No final de janeiro deste ano, a iniciativa foi oficializada num – primeiro – encontro online. A corrente ganhou ainda mais força quando um coletivo que tentou eleger profissionais da ciência na última eleição presidencial, em 2018, chamado Cientistas Engajados, se juntou ao movimento. “De lá para cá, a gente tem participado de várias batalhas públicas nas redes sociais e demonstrações dentro do mundo político para tentar convencer o poder público sobre a importância do investimento em pesquisa”, diz a coordenadora do grupo, Mariana Moura, candidata a deputada estadual pelo PCdoB, em São Paulo. Segundo ela, o Brasil atual impede o livre exercício da curiosidade do cientista. Entre a terceira e a quarta live, já em março, foi criado o manifesto. Mais de quarenta pessoas assinaram o documento.
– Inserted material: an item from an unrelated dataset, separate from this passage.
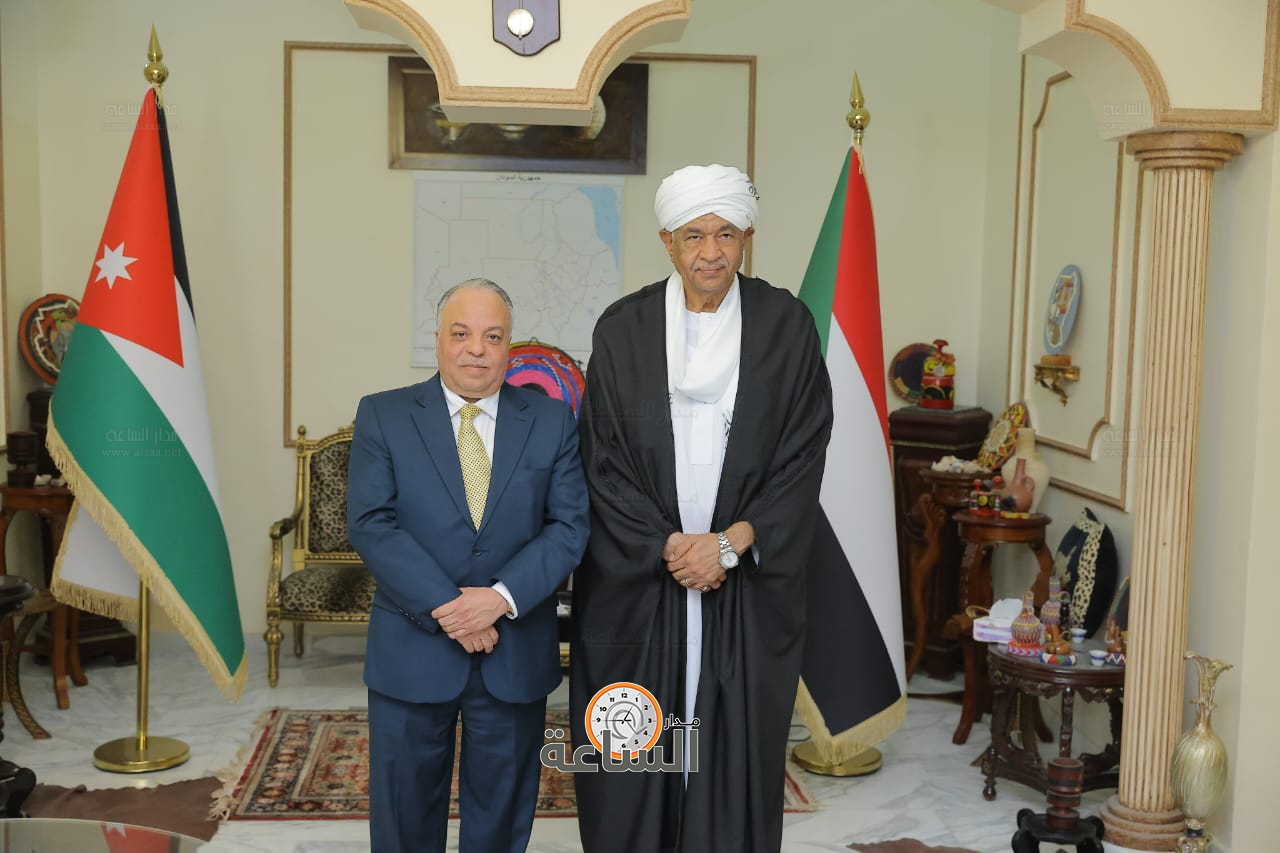 Madar Al-Saa Images 0.16583372893010484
“Ações contrárias ao avanço da ciência fragilizam a democracia. Precisamos de políticas públicas que levem em conta evidências científicas”, comenta Renato Janine Ribeiro sobre o atual momento do país. Segundo a presidente da Academia Brasileira de Ciências, Helena Nader, as entidades terão “um papel importante de constante acompanhamento, sugestão e cobrança” aos participantes que forem eleitos. Quatro meses depois do primeiro encontro virtual da “Educação e Ciência para Reconstruir o País”, no início da noite do dia 26 de julho aconteceu o primeiro ato público em defesa da formação de uma bancada de educação, ciência e tecnologia no Brasil. Diretores de entidades científicas, apoiadores e mais de vinte candidatos estavam presentes. O evento ocorreu durante o maior encontro científico da América Latina, a 74ª edição da Reunião Anual da SBPC, realizada na Universidade de Brasília (UnB), com um público de aproximadamente 40 mil pessoas ao longo dos dias.
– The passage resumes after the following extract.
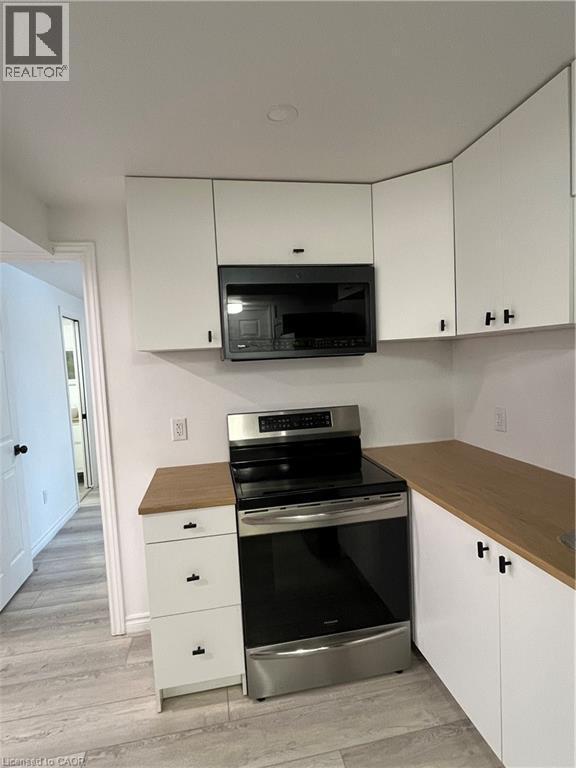 Photo du bâtiment - 292 Freure Dr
Quem está na ponta da pesquisa científica sabe, porém, que mudar o Congresso é só o começo. “As pessoas acham que, se o governo mudar, tudo voltará às maravilhas no dia seguinte. Mas a gente vai precisar recuperar a casa toda bagunçada”, diz Clarissa Damaso. Em dezembro do ano passado, a virologista foi um dos alvos do negacionismo científico que tomou conta do país. “Tem que levar uma coça”, “Alguém precisa mandar prender essa louca varrida”, “No mínimo essa mulher feia pra car…. Deve ser uma solteirona que nem filhos tem!!!”, escreveram alguns negacionistas no Twitter após a pesquisadora defender a vacinação de crianças contra a Covid, pois, sem ela, poderiam agir como “depósito do vírus”. Ela precisou encerrar a conta em algumas redes sociais, mas sofre ofensas até hoje. “Apaguei várias mensagens porque me faziam mal”, diz. Na ciência, o legado de desmonte deixado pelo governo Bolsonaro produziu feridas que vão demorar a cicatrizar.